In this instance, minor variations to the behaviour of the systems can be observed, as once again system 1 (red) sets the baseline, which shows a minor increase in current before settling to a stable value of around 25 μA. At the same time, system 2 (green), with the larger time constant, reacts much more slowly as it rises to settle at almost 250 μA and is not suppressed as quickly as system 1. System 3 (blue), with the smaller time constant, is almost at 0 A, reacting very quickly and suppressing the current much sooner than the baseline, which once again agrees with the theoretical assumptions as before.

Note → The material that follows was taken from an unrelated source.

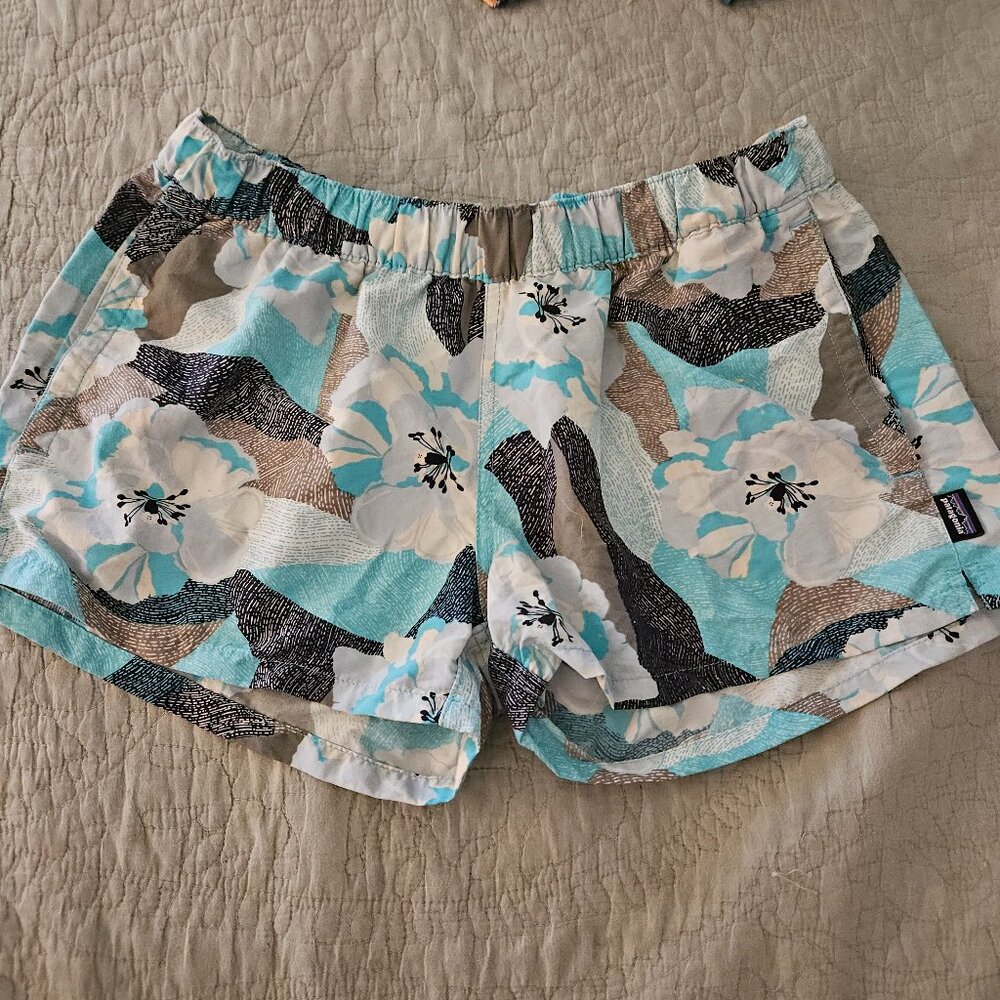 Patagonia barely baggies Women's S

The simulations show the effects that the values of the individual elements have on the overall system, with the time constant being functions of various elements, usually in combination with each other. It is important to stress that these results are only applicable if the system under consideration is assumed to be ideal, since, in practice, it is nearly impossible to emulate electrical circuits without factoring in non-ideal behaviours in multiple aspects. These simulations provide a perspective into how the elements behave under the application of the two different types of input signals. While the analogue signal is a smooth ramp, the digital signal has several abrupt steps that force the sensor to behave differently, resulting in an output curve that, on the surface, appears to be identical but, when zoomed in, shows minor differences. The values of the circuit parameters also influence the step and ramp responses, as seen with the different coloured curves representing the responses of the different systems.

4. Conclusions

Analogue and digital modes of operation on the Metrohm VIONIC were used to test the sensor capabilities of a screen-printed electrode, with the working electrode modified with platinum on a carbon catalyst. The sensor element was used to detect hydroquinone in a hydrochloric acid medium, in the form of redox peaks while running CVs. Both analogue and digital CVs showed the peaks in identical positions, confirming the successful operation of the sensor element. The effect of the scan rate on the redox of hydroquinone was checked. It showed that the total measured currents were directly proportional to the scan rate in the case of both the analogue and digital CVs. While comparing individual analogue and digital scan rates, subtle differences were noticed between the two, with the analogue CVs producing smaller total currents compared to the digital CVs and some changes in the shape of the analogue curves when compared side by side with the digital ones. This proved that the type of potentiostat hardware does play a role in the results obtained in electrochemical measurements. Simulations confirmed the assumptions made about the nature of the input signals being responsible for the difference observed in the measured voltammograms. Step and ramp responses of the assumed ideal electrochemical systems showed that the individual elements of the electrochemical equivalent circuit determine how the applied signals, be it voltage or current, appear across the individual elements and how they are affected by the digital and analogue inputs. The results conclude that the use of analogue hardware vs. digital hardware causes some differences that are noticeable to the end user, though their effect on the underlying electrochemical processes may not be very significant.